The attitude of “yes–and” is one way to embody generosity of spirit, a core aspect of our approach to discussions. Let me share a snippet from Stephen Colbert, who offered this as general advice to the 2006 graduates of Knox College, since it is particularly good advice when it comes to thinking about how you should approach our discussions:
So, say “yes.” In fact, say “yes” as often as you can. When I was starting out in Chicago, doing improvisational theatre with Second City and other places, there was really only one rule I was taught about improv. That was, “yes-and.” In this case, “yes-and” is a verb. To “yes-and.” I yes-and, you yes-and, he, she or it yes-ands. And yes-anding means that when you go onstage to improvise a scene with no script, you have no idea what’s going to happen, maybe with someone you’ve never met before. To build a scene, you have to accept. To build anything onstage, you have to accept what the other improviser initiates on stage. They say you’re doctors—you’re doctors. And then, you add to that: We’re doctors and we’re trapped in an ice cave. That’s the “-and.” And then hopefully they “yes-and” you back. You have to keep your eyes open when you do this. You have to be aware of what the other performer is offering you, so that you can agree and add to it. And through these agreements, you can improvise a scene or a one-act play. And because, by following each other’s lead, neither of you are really in control. It’s more of a mutual discovery than a solo adventure. What happens in a scene is often as much a surprise to you as it is to the audience.
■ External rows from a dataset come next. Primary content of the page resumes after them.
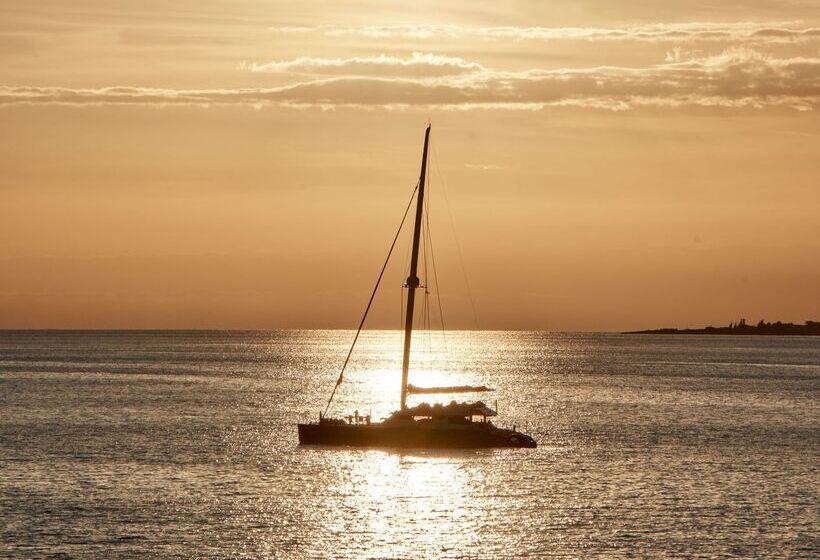 استراحتگاه White Rocks Hotel Kefalonia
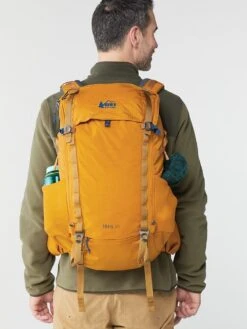 REI Trail 40 -Bag Series Store 1000 150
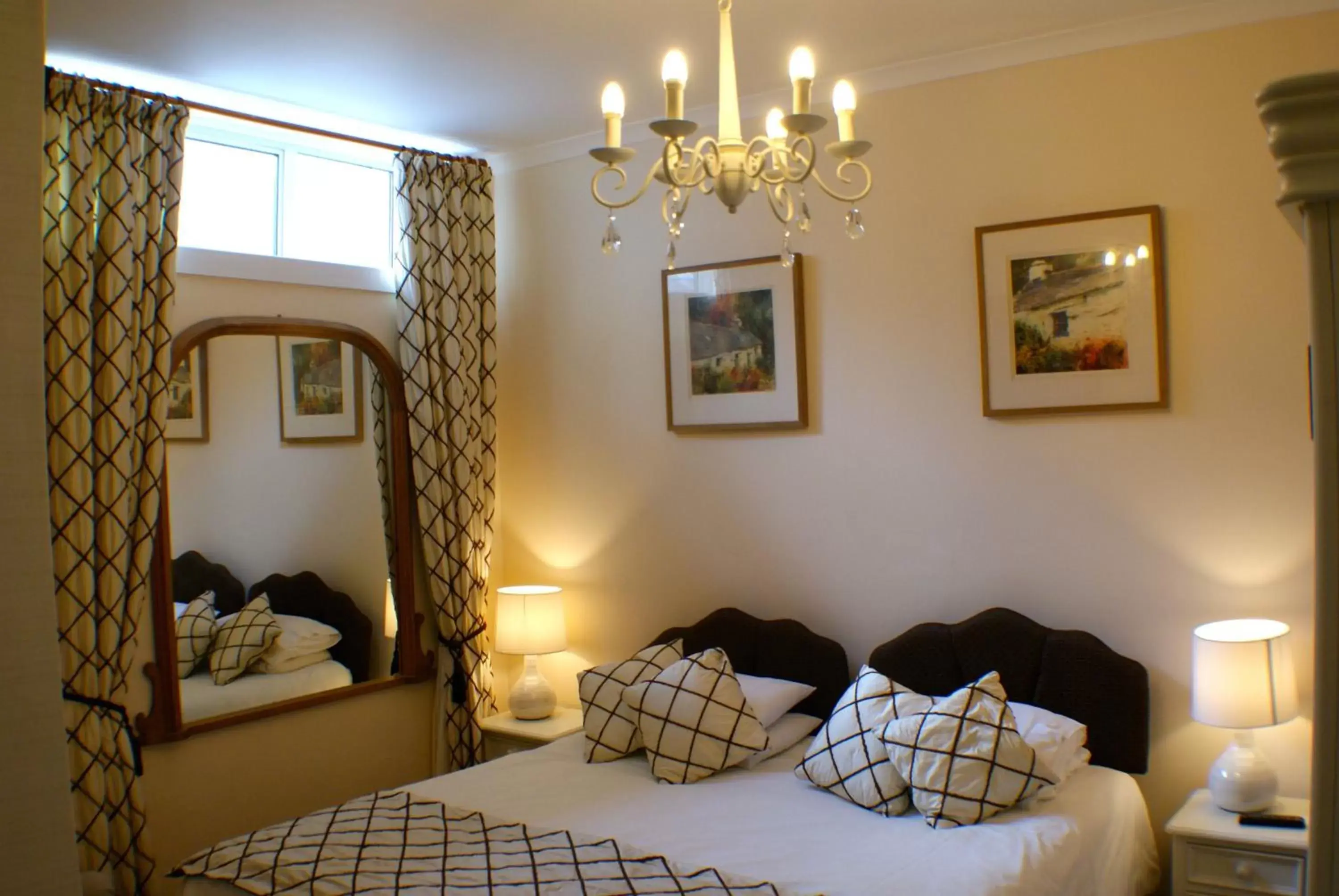 Photo of the whole room, Bed in Glan Aber Hotel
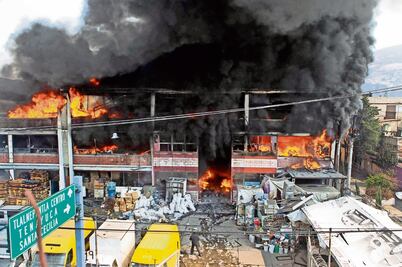 Evacuan a 1,500 por incendio en fábrica de Tenayuca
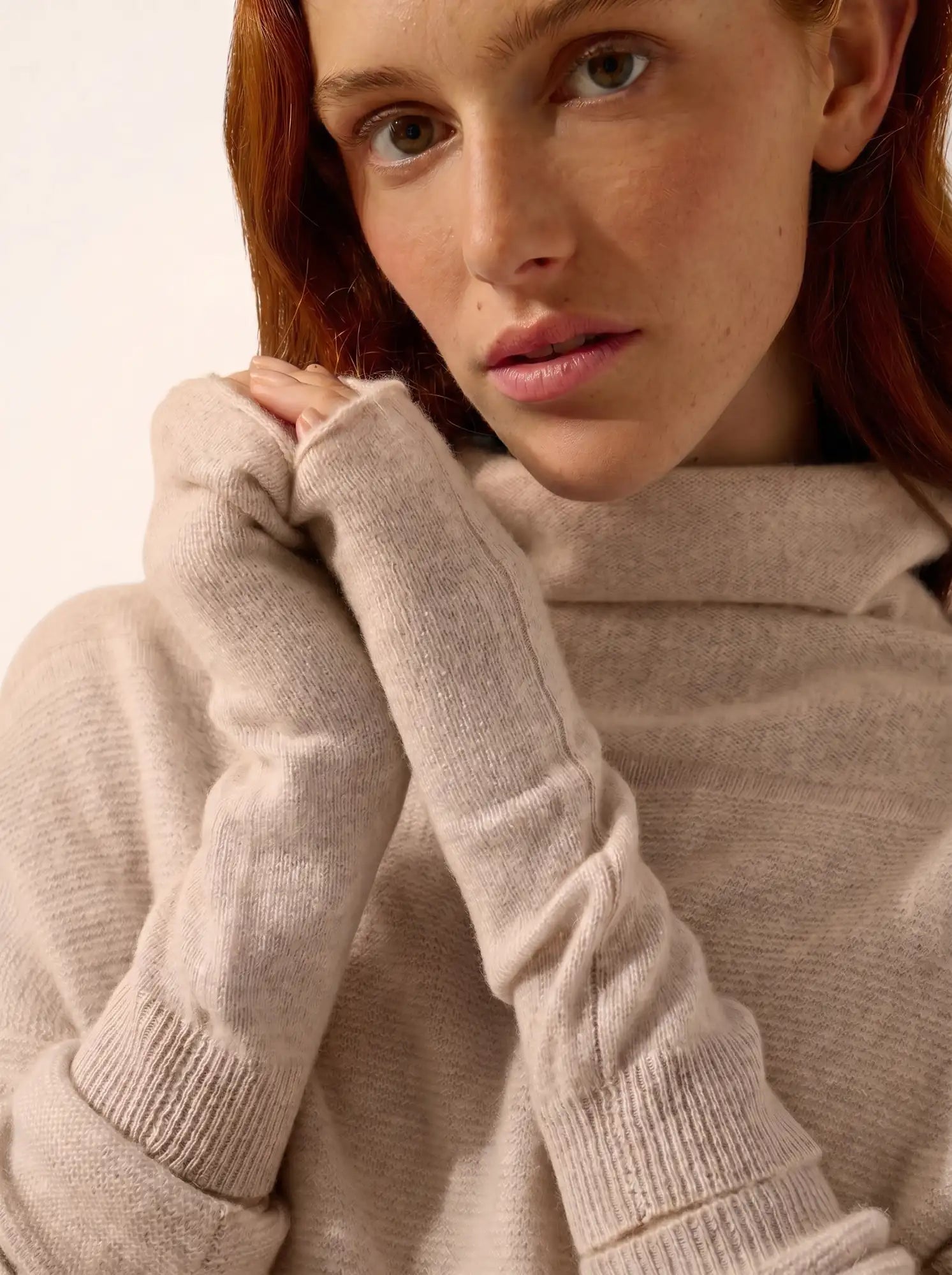 ZOE fingerlose handschuhe beige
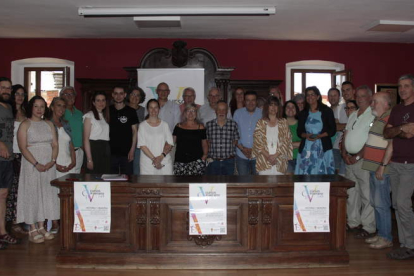 Participantes y profesores del curso de verano de Cistierna. CAMPOS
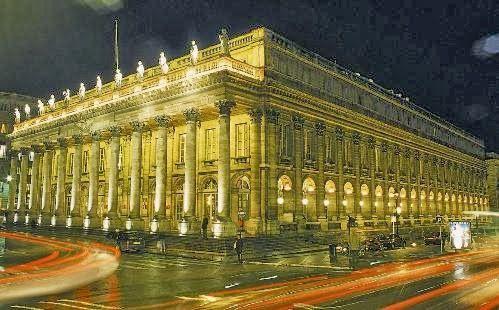 Neoclasicismo - Francia Gran Teatro de Burdeos / Victor Louis / 1773-1780 A decoração é simples e austeras fachadas Se usam elementos básicos da arquitetura clásica: colunas, ordens clássicas, arcos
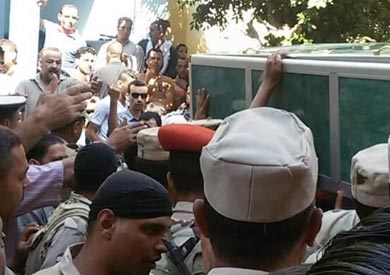 الآلاف يشيعون جثمان مجند استشهد في هجوم إرهابي بالعريش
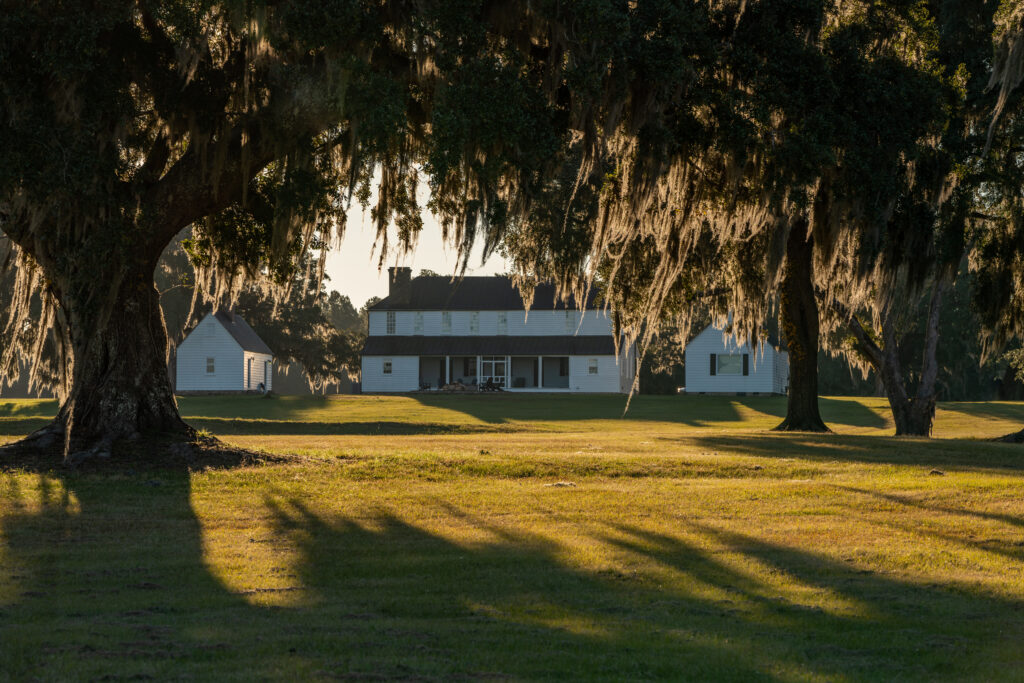 Landscape photos of Middleburg and the surrounding area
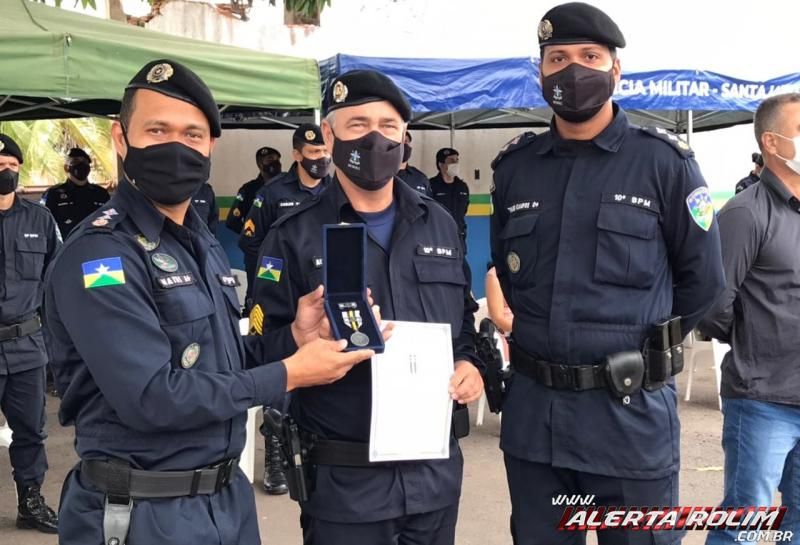 Policiais militares que realizaram relevantes serviços ao 4º Batalhão (Cacoal) e lotados atualmente no 10º Batalhão são homenageados Policiais militares que realizaram relevantes serviços ao 4º Batalhão (Cacoal) e lotados atualmente no 10º Batalhão são homenageados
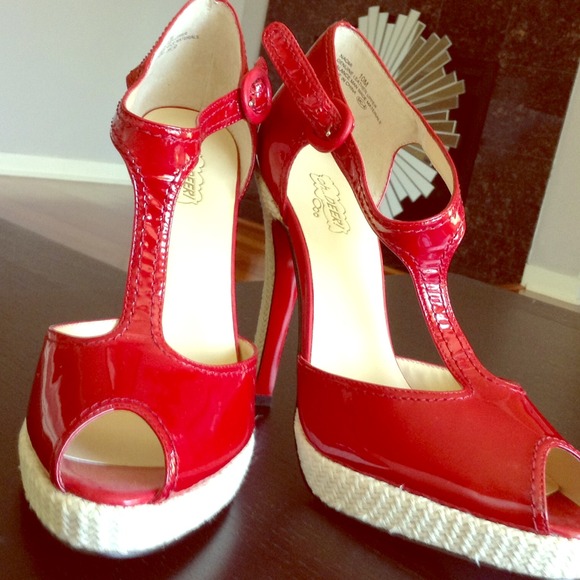 Gorgeous red patent heels - Picture 1 of 4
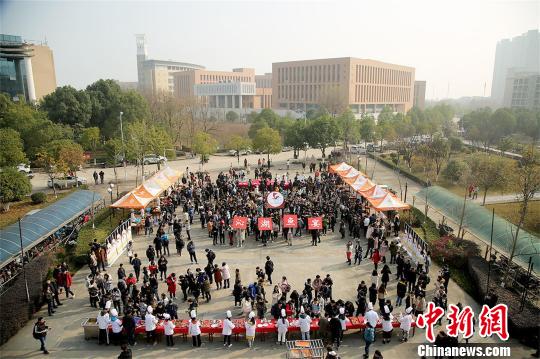 校友代外和片面师生挑前尝鲜 谢晓丽 摄 校友代外和片面师生挑前尝鲜 谢晓丽 摄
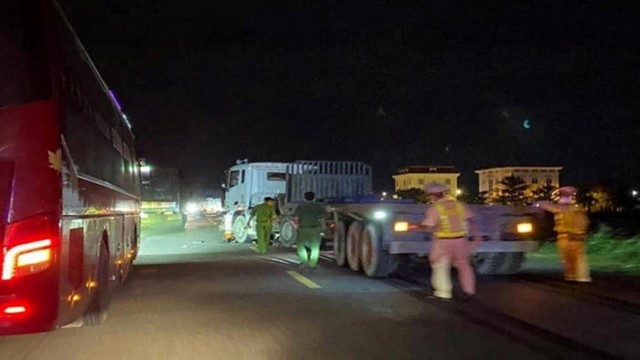 Tai nạn giao thông mới nhất hôm nay (5/7/2023): Va chạm với xe đầu kéo, 2 thanh niên đi xe máy tử vong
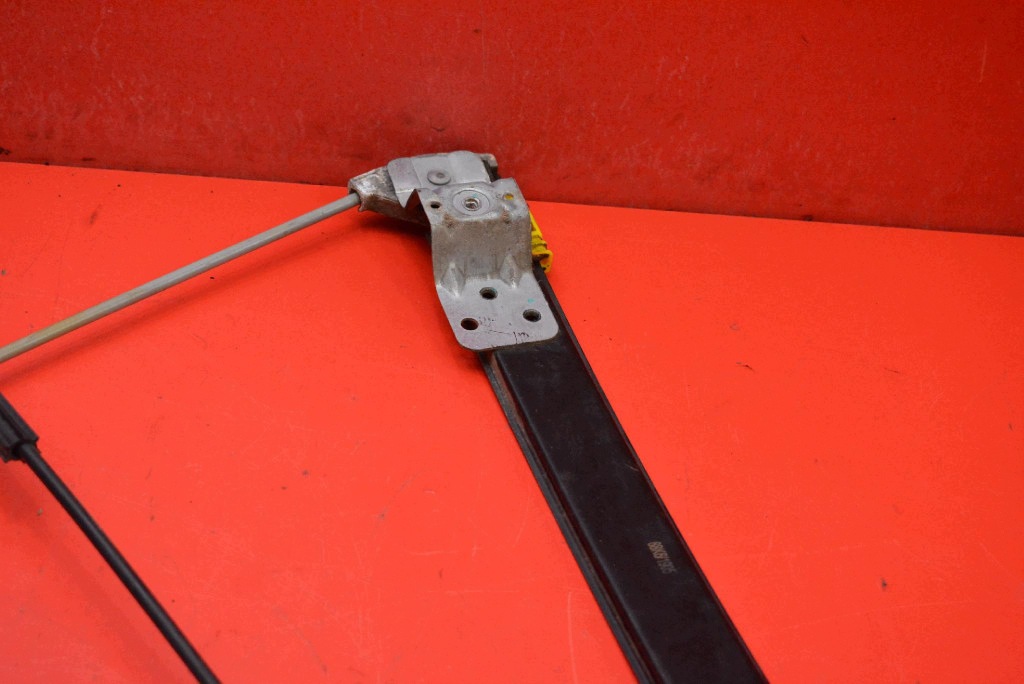 window regulator left front EU 8E1959801H AUDI A4 B7 04-08
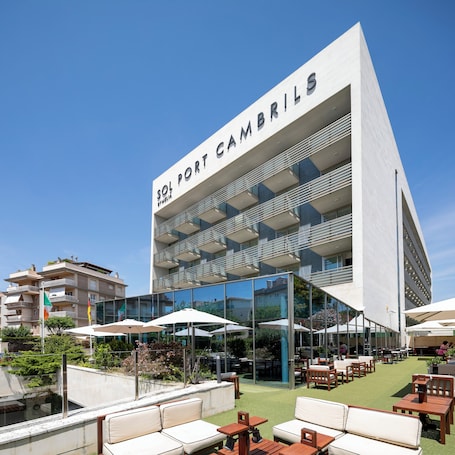 Exterior. Sol Port Cambrils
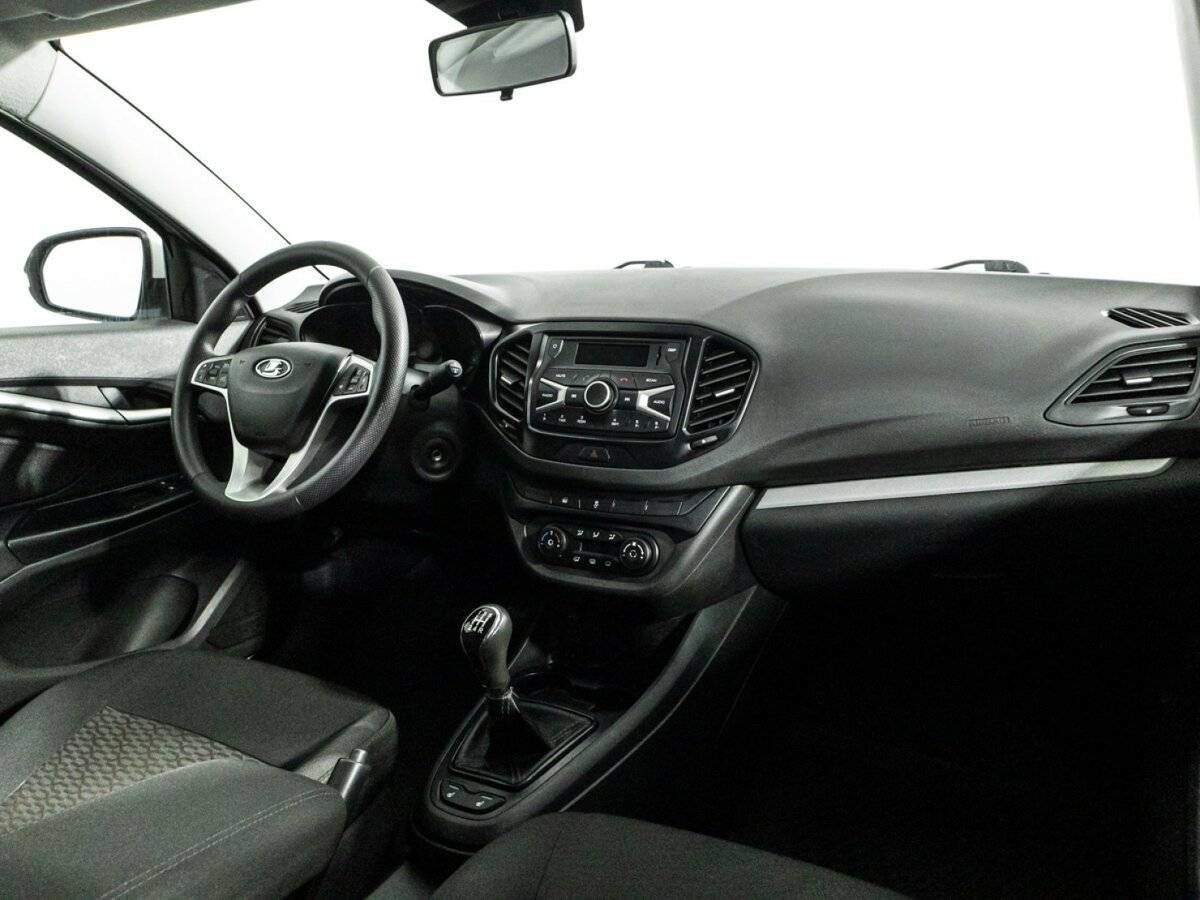 Lada (ВАЗ) Vesta б/у, 2019, Механическая. Фото: #8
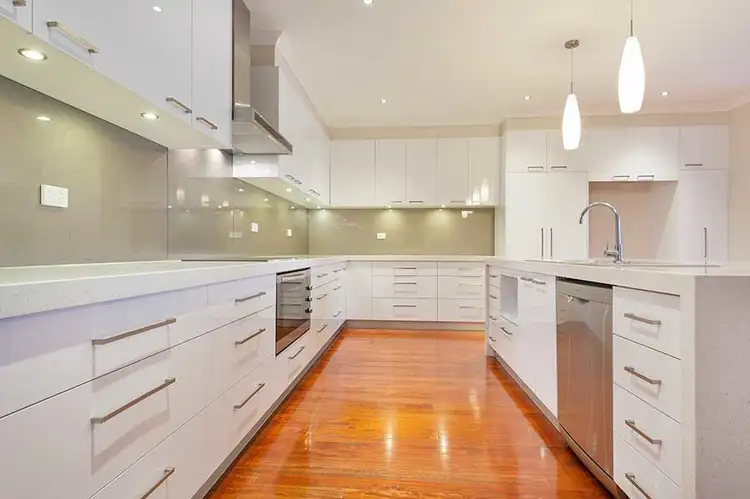 Fifth view of Homely house listing, 12 Viewside Cres, Craigieburn VIC 3064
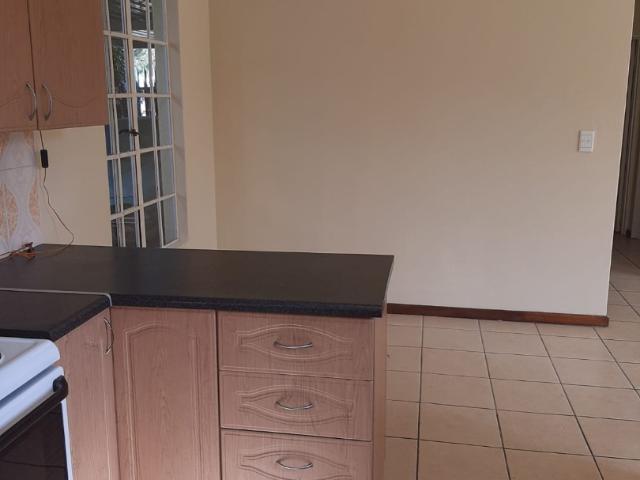 2 Bedroom Apartment / Flat To Rent in Brackenhurst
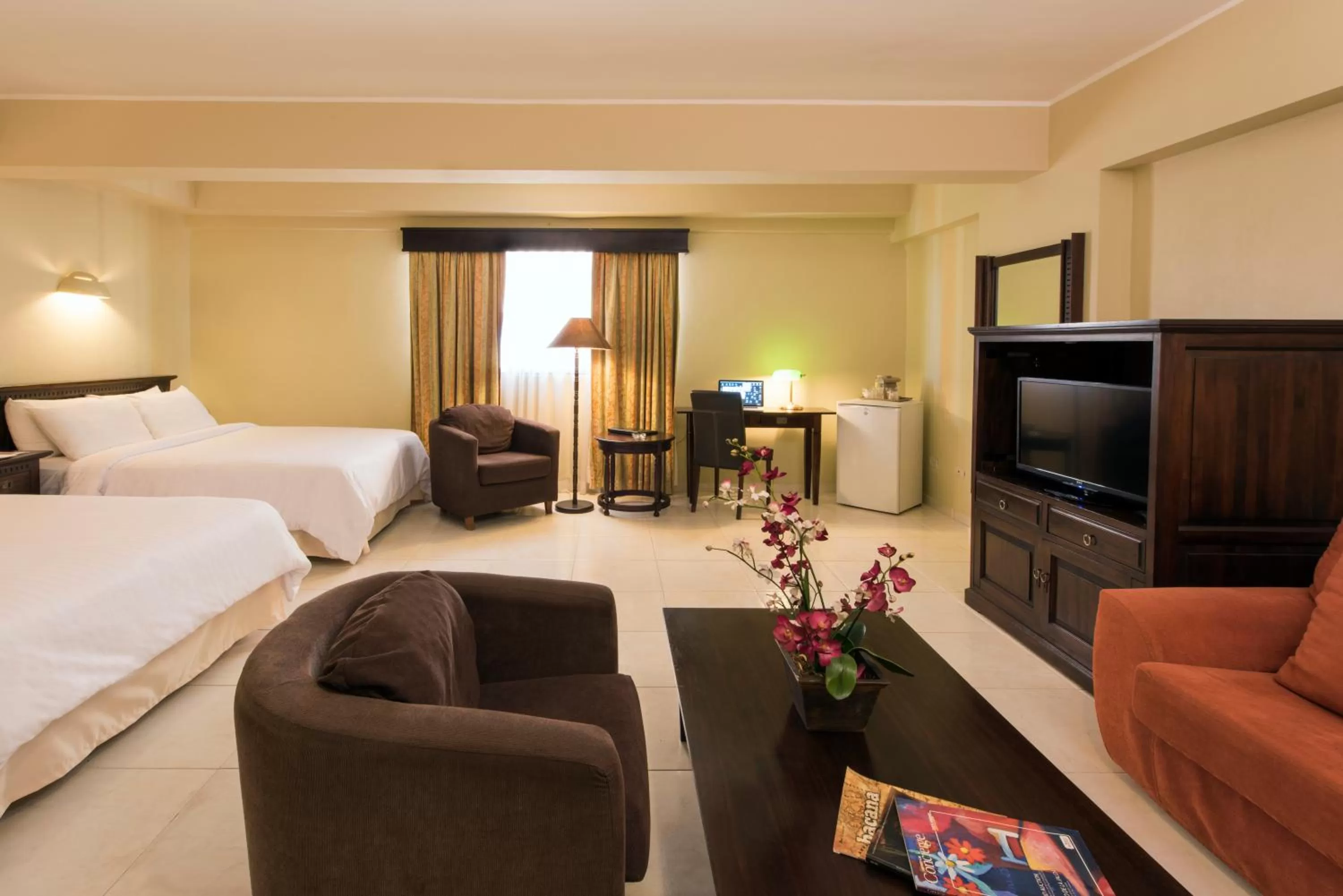 Communal lounge/ TV room, Bed in W&P Santo Domingo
This attitude lies at the heart of our approach to exploratory and collaborative discussions. It’ll shape what we do together in our project discussions. When we engage in this kind of generative discussion, we don’t really have a script. Sure, there is a general structure and an overall arc of development, but we don’t know exactly how things are going to develop or what insights will emerge along the way. We’ll likely end up at places that are a surprise to us. Places we’d never likely have found on our own. We won’t know in advance whether some lines of discussion may lead us astray or whether, by such meandering, we’ll actually come upon important discoveries, discoveries we might never have found without such a detour. Of course there will also be time for critical reflection and evaluation, but generating new possibilities first takes an openness to what may be novel or unexpected. Adopting an attitude of saying “yes-and” will do much to boost the creative potential of our discussions.
If you’re interested in this topic, you might want to take a look at Malcolm Gladwell’s Blink, where he gives a quick illustration of the importance of the attitude of “yes-and.” It is from a part of the book on “the Structure of Spontaneity” (pp. 111-117) that is particularly apt for what we’re doing (actually, the whole book sheds a lot of light on the kind of social cognition and thinking that is vital to productive discussions). The section on the Structure of Spontaneity is quite applicable to what we’ll be doing together. It might help you in thinking about your approach to our discussions.